In this regard her activity in Australia is not disregarded, however the Tribunal is not satisfied that she would want to engage in Christian activity in China because she is not a genuine Christian. The Tribunal is also not satisfied that, even if the authorities were aware of her attendance at [Church 1] in Australia, this would result in her facing a real risk of significant harm from the Chinese authorities, noting that country information from the DFAT Report does not indicate that attending a mainstream Protestant church in Australia would put a person at risk of serious harm on their return to China. Based on the evidence before it, there is nothing to indicate that [Church 1] is connected to any religious movements that are illegal in China or that this type of church is regarded as a “cult” (DFAT Report 3.53 – 3.78) and indeed the agent specifically stated to the first Tribunal that the church attended in Australia is not considered a cult.
The Tribunal is not satisfied that the applicant faces a real risk of experiencing significant harm for any reason.
On the evidence presently before it, the Tribunal is not satisfied that there are substantial grounds for believing that, as a necessary and foreseeable consequence of the applicant being removed from Australia to a receiving country, in this case China, there is a real risk that she will suffer significant harm for the purposes of s 36(2)(aa) of the Act. The Tribunal is not satisfied that the applicant is a person in respect of whom Australia has protection obligations under s 36(2)(aa).
The Tribunal is not satisfied that the applicant is a person in respect of whom Australia has protection obligations for the purposes of s 36(2)(a) or (aa).
The child
The child was born in [Month, Year] and is now [Age] years of age.

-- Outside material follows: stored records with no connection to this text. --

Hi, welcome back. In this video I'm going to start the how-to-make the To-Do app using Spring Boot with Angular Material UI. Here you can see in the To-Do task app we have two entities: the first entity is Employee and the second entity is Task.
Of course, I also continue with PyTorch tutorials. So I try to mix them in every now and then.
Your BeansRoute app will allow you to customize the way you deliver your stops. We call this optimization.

The applicant told the Tribunal that if her child returns to China, he cannot attend church in China and it is compulsory in school that every child should be atheist. Her child will be forced to be an atheist and will have no freedom of religion. He is a true Christian and he has a relationship with God and he has witnessed and he will pray for people; he is a true believer although he is only [Age] years of age. Religion in school is not allowed. The Tribunal put to the applicant that it may not accept that the reasons she sent the child to a religious school was because she is religious. She said that he would not be able to have religious lessons in school, even a private school if he returned to China. The Tribunal put to her that it may not accept that this means that he is a refugee or entitled to complementary protection. She claims that her child is very religious and if he hears about incidents on the radio, for example if people or children are dead he starts praying for the children, if he sees friends suffer, he will pray for that person. Her son has a bond with God and one day on the bus they saw a car accident and her son was telling her to pray for them. She said she can’t ask him to stop doing it.

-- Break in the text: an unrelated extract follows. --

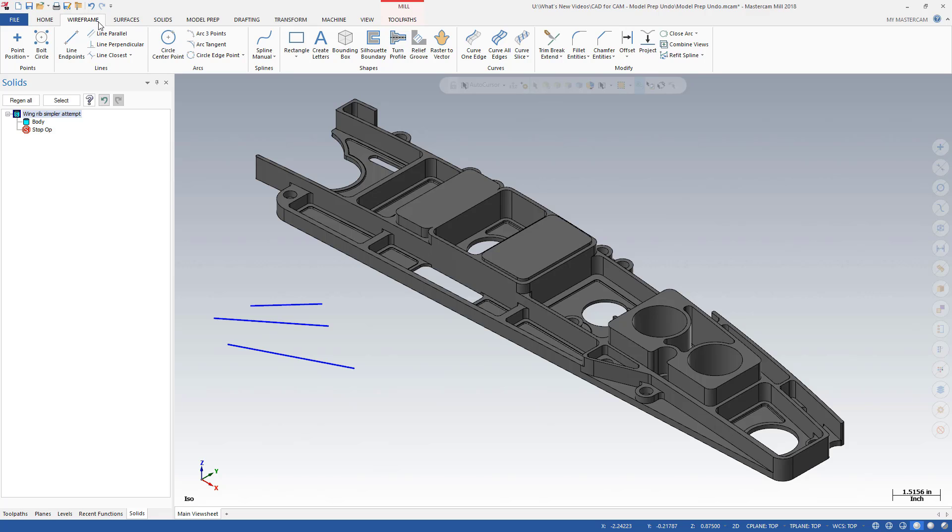Using the Mastercam undo button on the quick access toolbar, notice how the lines are removed from the graphics window, but the model prep changes remain intact.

The Tribunal was provided with a number of documents certifying the child’s attendance at preschool/ Sunday School at [Church 1], and school reports for 2020, 2021, 2022, 2023 from [School of another Church] and photographs of the child attending Sunday school. The child’s school reports state that he shows respect and concern for others and demonstrates social and civic responsibility; he contributes service to others in all areas of school life; he has taken part in reflective discussions about God’s world and he attends in weekly online chapel and doctrine lessons.
The Tribunal has found that the applicant has taken steps to attend the church and church activities as part of her plan to remain in Australia, not for genuine reasons. It finds that she has effectively encouraged her son to be indoctrinated into the Christian religion, for her purposes. The Tribunal finds that she has taken him from a young age to various church activities (Sunday school, general church gatherings) and that she enrolled him into a Christian school. He is an only child who has grown up with exposure to Christianity organised and encouraged by his mother. The Tribunal notes that at the very end of the first Tribunal hearing (December 2019) the applicant claimed that her child, aged [Age] years, “has been growing up in this church since childhood”. The witness at the first Tribunal’s hearing also claimed that the child had been attending church. Other witnesses also stated that the child has been attending church, and the photographs also supported this claim.

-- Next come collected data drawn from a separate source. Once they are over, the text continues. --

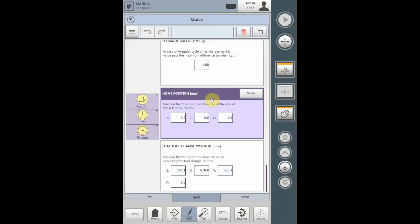The home position parameter is a position that can be taught to allow the robot to home its final position during referencing to a location other than zero. The defaulted position will home the robot to the zero positions and can be left at that if it's not required to home it anywhere else.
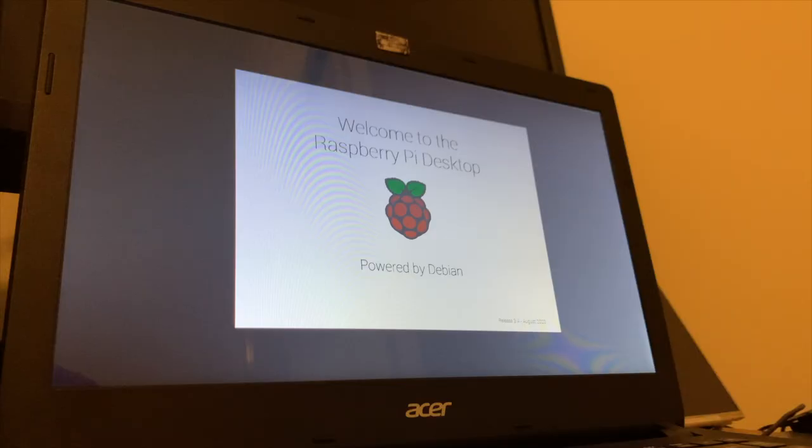Now it's loading up the Raspberry Pi desktop version on the laptop.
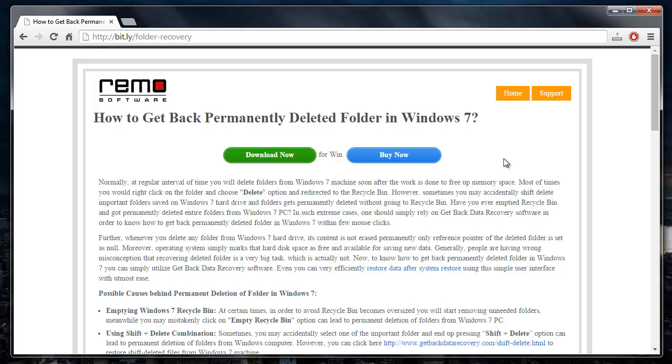Hey there. Today I'll show you how you can recover permanently deleted folders from your Windows operating system.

The Tribunal accepts that the child has grown up with Christian influences from Sunday School, attending church gatherings, and that he has been attending a Christian school for 4 years. He is only [Age] years of age, however the Tribunal accepts that if he returns to China, he will continue to speak out about God and his religion, to whomever he meets, and particularly to his classmates, as this is all he has ever known. The Tribunal has not accepted that the applicant is a genuine Christian and it does not accept that she would take the child to a house church. This means that the child will be going back to a completely different environment, where his mother is no longer involved in religious activities, and he will no longer be allowed to attend church or to have any religious involvement, either at school or by attending church. Given his upbringing, however, the Tribunal considers it likely that the child will spontaneously communicate his religious views in China, in particular in a school setting. The Tribunal has considered whether this means he will face a real chance of serious harm or a real risk of significant harm.
Does the child have a well-founded fear of persecution?
The agent provided some country information, and the Tribunal has considered the DFAT report and other country information.
The DFAT report is dated 22 December 2021 and the Tribunal accepts that there have been additional concerns relating to the treatment of Christians in China since the report. The report states:
China officially recognises five religions: Buddhism, Daoism (Taoism), Catholicism, Islam and Protestants…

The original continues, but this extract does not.